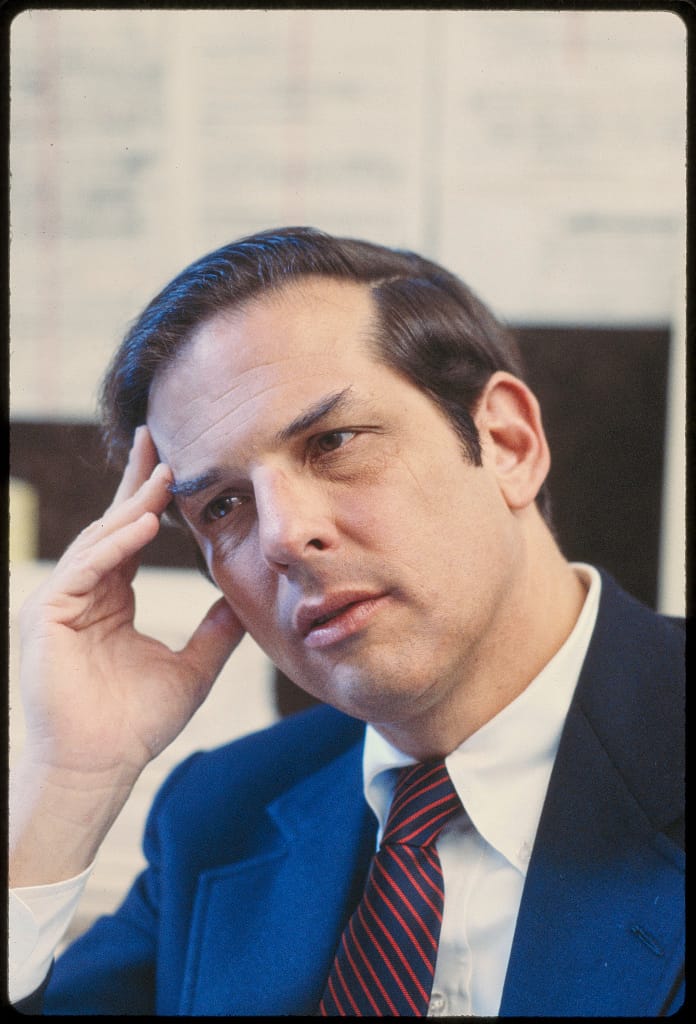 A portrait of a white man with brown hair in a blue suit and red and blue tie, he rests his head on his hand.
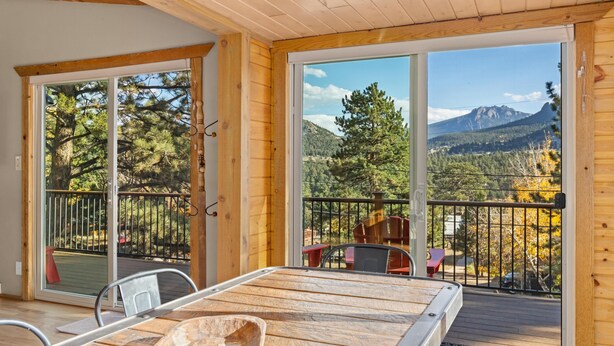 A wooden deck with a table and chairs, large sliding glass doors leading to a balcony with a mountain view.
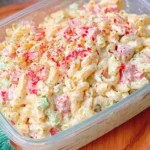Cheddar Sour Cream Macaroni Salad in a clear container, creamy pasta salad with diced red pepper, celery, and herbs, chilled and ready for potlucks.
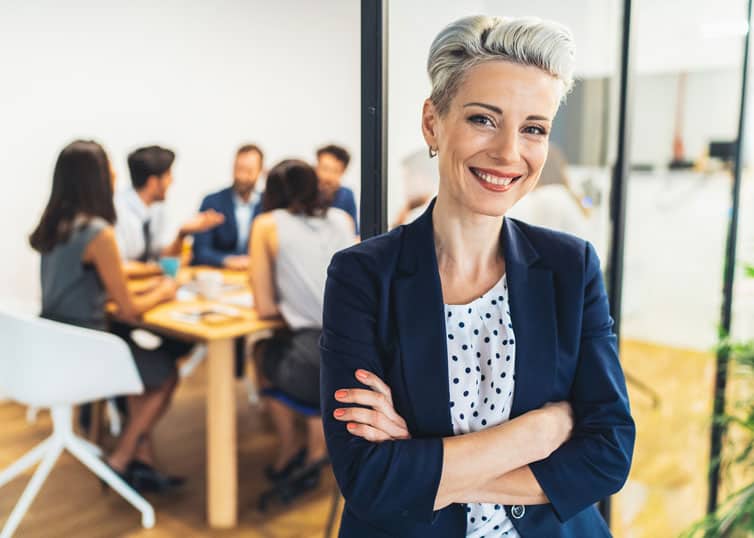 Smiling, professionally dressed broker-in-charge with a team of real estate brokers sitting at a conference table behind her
* * *
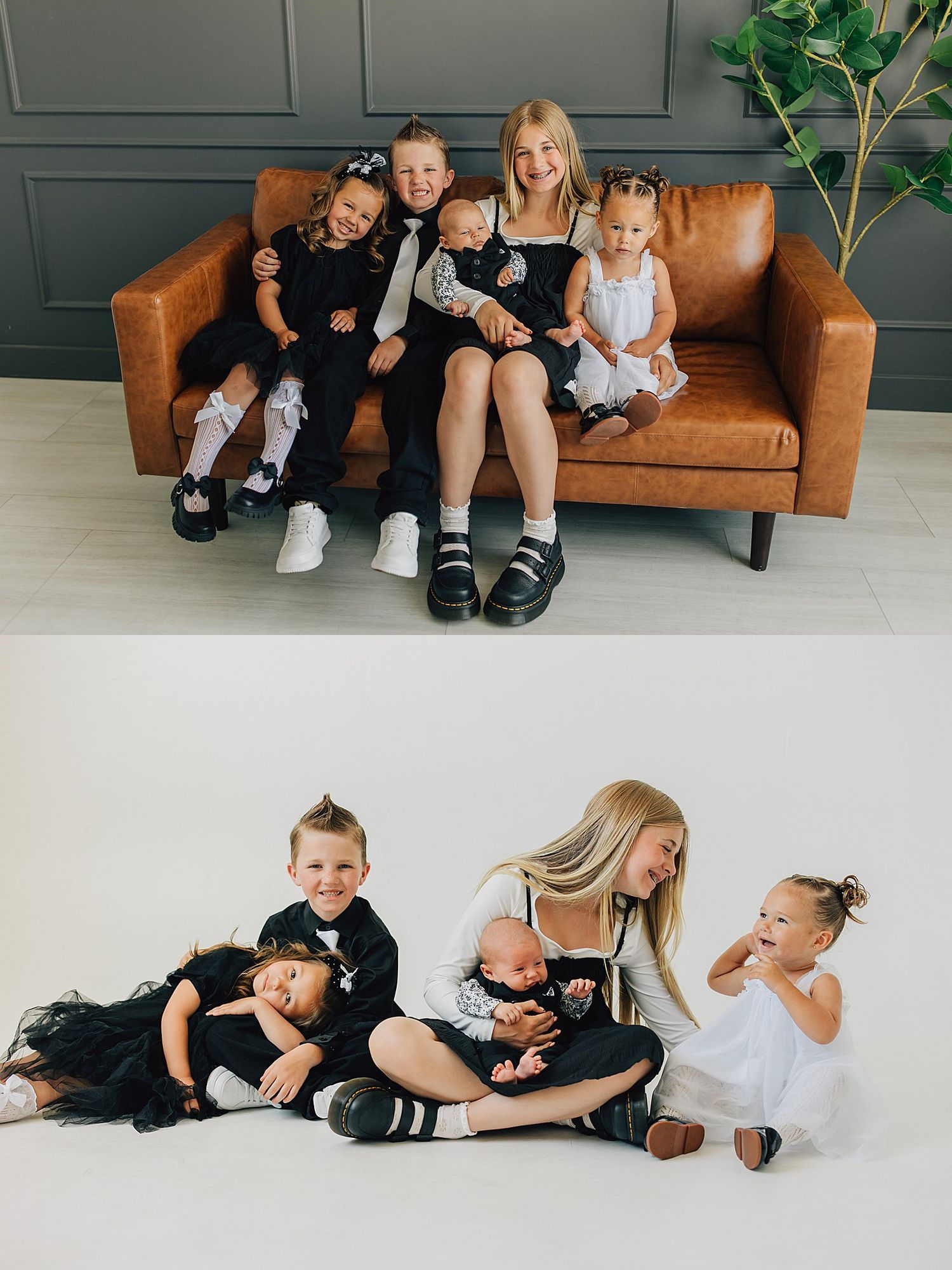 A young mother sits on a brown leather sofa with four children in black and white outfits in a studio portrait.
---
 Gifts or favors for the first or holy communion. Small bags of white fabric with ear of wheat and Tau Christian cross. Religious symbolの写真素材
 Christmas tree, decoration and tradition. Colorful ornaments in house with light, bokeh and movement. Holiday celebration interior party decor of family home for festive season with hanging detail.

Work instruction: From the listing above, repeat exactly the lines starting at the line that includes "Gifts or favors" and ending at the line that includes "Christmas tree, decoration", with nothing outside that span.

Result:
 Gifts or favors for the first or holy communion. Small bags of white fabric with ear of wheat and Tau Christian cross. Religious symbolの写真素材
 Christmas tree, decoration and tradition. Colorful ornaments in house with light, bokeh and movement. Holiday celebration interior party decor of family home for festive season with hanging detail.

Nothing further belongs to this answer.